In artikel 6, vijfde lid, van de OLW is voorts het volgende bepaald:
Het eerste tot en met het vierde lid is eveneens van toepassing op een vreemdeling met een verblijfsvergunning voor onbepaalde tijd, voor zover hij in Nederland kan worden vervolgd voor de feiten welke aan het Europees aanhoudingsbevel ten grondslag liggen en voor zover ten aanzien van hem de verwachting bestaat dat hij niet zijn recht van verblijf in Nederland verliest ten gevolge van een hem na overlevering opgelegde straf of maatregel.
6.3.3. Toepassing
De rechtsmacht van Nederland staat in ieder geval vast nu de opgeëiste persoon wordt verdacht van feiten die gedeeltelijk op Nederlands grondgebied zijn gepleegd.
In de onderhavige zaak is sprake van een gemeenschapsonderdaan, die niet beschikt over een vergunning voor verblijf voor onbepaalde tijd, de eerste voorwaarde die artikel 6, vijfde lid, OLW stelt.
In het kader van de voorwaarden, gesteld in artikel 6, vijfde lid, van de OLW, dient duidelijkheid te bestaan omtrent de vraag of de opgeëiste persoon naar verwachting al dan niet zijn verblijfsrecht in Nederland verliest ten gevolge van een mogelijk in Polen opgelegde straf voor de feiten waarvoor zijn overlevering wordt gevraagd.

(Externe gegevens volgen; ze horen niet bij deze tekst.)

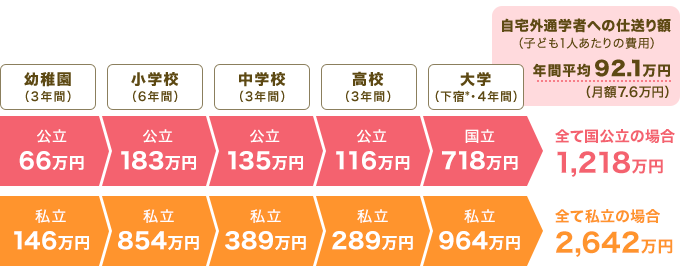 幼稚園から大学卒業までの平均教育費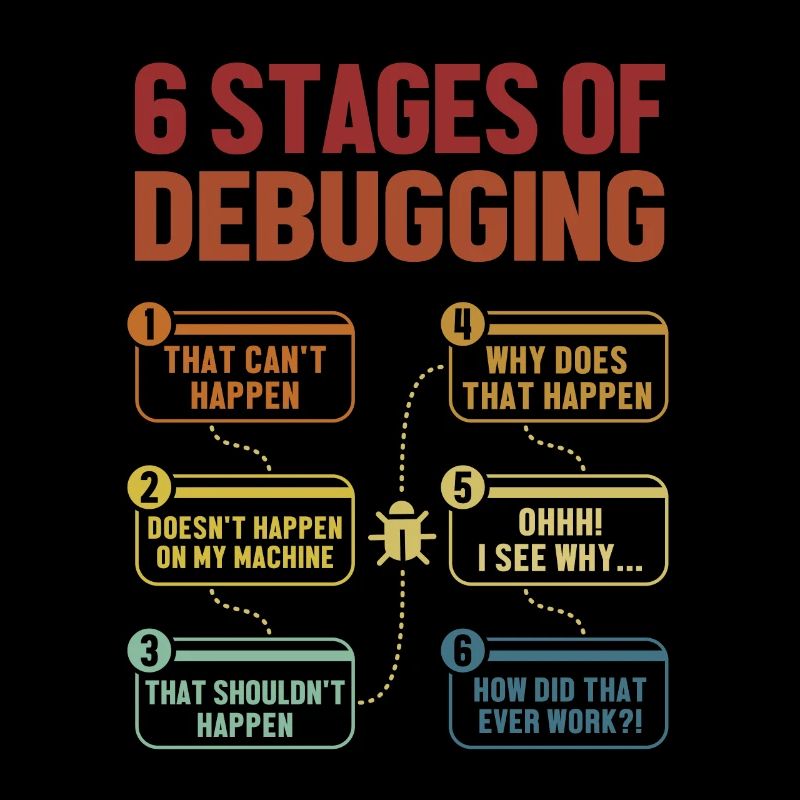 6 Stages of Debugging Software Engineer Coder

De stukken in het dossier geven hierover geen uitsluitsel.
De rechtbank zal het onderzoek heropenen en de behandeling van de zaak aanhouden en de officier van justitie opdragen bij de IND te informeren of de opgeëiste persoon naar verwachting zijn verblijfsrecht zal verliezen tengevolge van een aan hem na overlevering aan Polen aldaar opgelegde straf voor de feiten waarvoor zijn overlevering wordt verzocht.
De rechtbank komt tot de volgende beslissing.
8. Beslissing
De rechtbank:
- heropent het onderzoek en schorst dit voor onbepaalde tijd;
- draagt de officier van justitie op om bij de IND te informeren of de opgeëiste persoon naar verwachting zijn verblijfsrecht zal verliezen naar aanleiding van de tenuitvoerlegging van de hem in Polen opgelegde straf waarvoor zijn overlevering wordt verzocht;
- beveelt de oproeping van de opgeëiste persoon tegen een nog vast te stellen datum en tijdstip, met tijdige kennisgeving aan zijn raadsvrouw;
- beveelt tevens de oproeping van een tolk voor de Poolse taal tegen die datum en dat tijdstip.
Aldus gedaan door
mr. C. Klomp, voorzit¬ter,
mrs. P.H.A. Knol en A. Belcheva, rech¬ters,
in tegenwoordigheid van mr. M.W.P. Pijls, grif¬fier,
en uitgesproken ter openbare zitting van 19 november 2008.
Ingevolge artikel 29, tweede lid, van de OLW staat tegen deze uitspraak geen gewoon rechtsmiddel open.